Students have a busy schedule to say the least these days. With school work, afterschool activities, making time for a social life, and trying to sneak in at least eight hours of sleep, where does reading fit in? With the numbers rising for social networks and the increase in the amount that the average person spends on the computer, books are staying on the shelves more than ever.
Newspapers are starting to put their stories online and selling less hardcopies to the public. Brilliantly written books are being thrown to the side to make room for Facebook or Twitter. Small bookstores are closing due to the fact that people can get online and order from a larger company.
Books were written to get a point across and to potentially change someone’s perspective and to visually create a new world for others. Does this mean that our society’s imaginations have faded faster than you can update your Facebook status? Movies have also had a negative effect on books.

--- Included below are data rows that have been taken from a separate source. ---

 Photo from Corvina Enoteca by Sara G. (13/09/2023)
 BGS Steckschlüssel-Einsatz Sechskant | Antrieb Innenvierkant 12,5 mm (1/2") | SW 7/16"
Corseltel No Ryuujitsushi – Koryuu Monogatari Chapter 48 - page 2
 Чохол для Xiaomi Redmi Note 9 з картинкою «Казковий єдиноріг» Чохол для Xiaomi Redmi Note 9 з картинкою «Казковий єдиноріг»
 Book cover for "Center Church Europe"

A good fraction of people admit that they never read the Harry Potter series because they could go to the movie theater and watch it instead. Some authors have tried to publish their books online in hopes of getting more hit and reads.

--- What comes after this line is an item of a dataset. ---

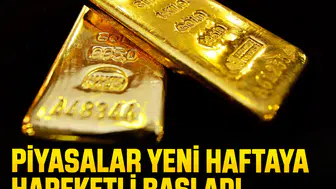 Altın fiyatlarında haftanın ilk günü hareketliliği: Gram, çeyrek ve cumhuriyet altını ne kadar oldu?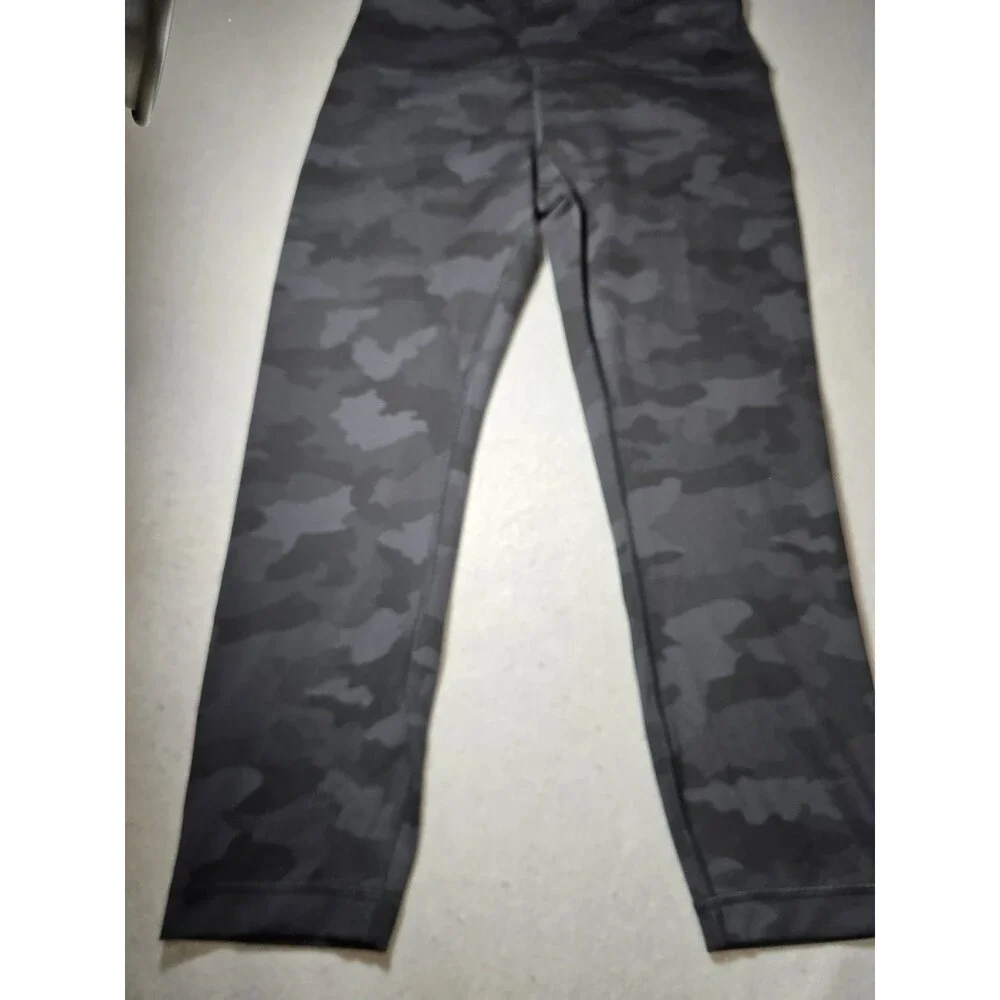 Lululemon Wunder Train High Rise Crop 21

After the Twilight series was publish, supernatural novels have sky-rocketed in the past few years. Between vampire love and eerie werewolves, some people just can’t get enough of these sci-fi thrillers. Sarah Dessen is also a popular choice among teen girls with her coming of age novels. Some teachers have said that they think some students are taking advantage of the wide variety of literature in a good way. Students are also need to learn how to separate the language that is appropriate for writing in the classroom and the language that is appropriate for texting and email.
“I think that it’s critical that students learn to read internet text appropriately,” said Lisa Gardner, the 9th grade English teacher at Salem High School.